Coping with, organizing, visualizing, and acting upon the massive amount of information with which we are confronted when connected to the Web are amongst the main problems of web interaction (1). Searching and navigating (or surfing) the Web are the methods we employ to help us find information on the web, using search engines and navigation tools that are either built-in or plugged-in to the browser or are provided by web sites.

In this book, we explore search and navigation technologies to their full, present the State-of-the art tools, and explain how they work. We also look at ways of modeling different aspects of the Web that can help us understand how the Web is evolving and how it is being and can be used. The potential of many of the technologies we introduce has not yet been fully realized, and many new ideas to improve the ways in which we interact with the Web will inevitably appear in this dynamic and exciting space.

Chapters 1–3 introduce the reader to the problems of search and navigation and provide background material on the Web and its users. In particular, in the remaining part of Chapter 1, we give brief histories of hypertext and the Web, and of search engines. In Chapter 2, we look at some statistics regarding the Web, investigate its structure, and discuss the problems of information seeking and web search. In Chapter 3, we introduce the navigation problem, discuss the potential of machine learning to improve search and navigation tools, and propose Markov chains as a model for user navigation.

Chapters 4–6 cover the architectural and technical aspects of search engines. In particular, in Chapter 4, we discuss the search engine wars, look at some usage statistics of search engines, and introduce the architecture of a search engine, including the details of how the Web is crawled. In Chapter 5, we dissect a search engine's ranking algorithm, including content relevance, link- and popularity-based metrics, and different ways of evaluating search engines. In Chapter 6, we look at different types of search engines, namely, web directories, search engine advertising, metasearch engines, personalization of search, question answering engines, and image search and special purpose engines.

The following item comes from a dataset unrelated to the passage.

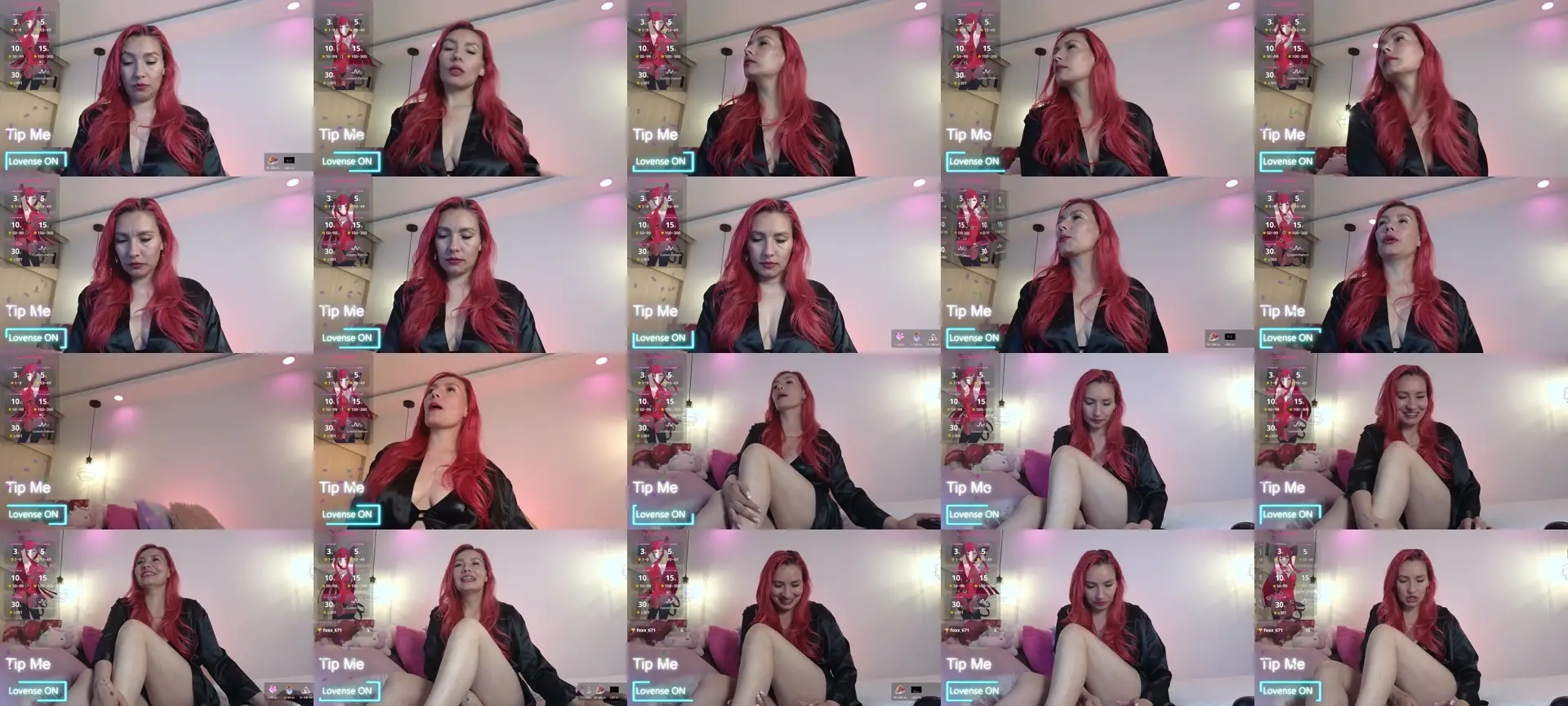 Carol_love photo contact sheet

Chapters 7–9 concentrate on web navigation, and looks beyond at the mobile web and at how viewing the Web in social network terms is having a major impact on search and navigation technologies. In particular, in Chapter 7, we discuss a range of navigation tools and metrics, introduce web data mining and the Best Trail algorithm, discuss some visualization techniques to assist navigation, and look at the issues present in real-world navigation. In Chapter 8, we introduce the mobile web in the context of mobile computing, look at the delivery of mobile web services, discuss interfaces to mobile devices, and present the problems of search and navigation in a mobile context. In Chapter 9, we introduce social networks in the context of the Web, look at social network analysis, introduce peer-to-peer networks, look at the technology of collaborative filtering, introduce weblogs as a medium for personal journalism on the Web, look at the ubiquity of power-law distributions on the Web, present effective searching strategies in social networks, introduce opinion mining as a way of obtaining knowledge about users opinions and sentiments, and look at Web 2.0 and collective intelligence that have generated a lot of hype and inspired many start-ups in recent years.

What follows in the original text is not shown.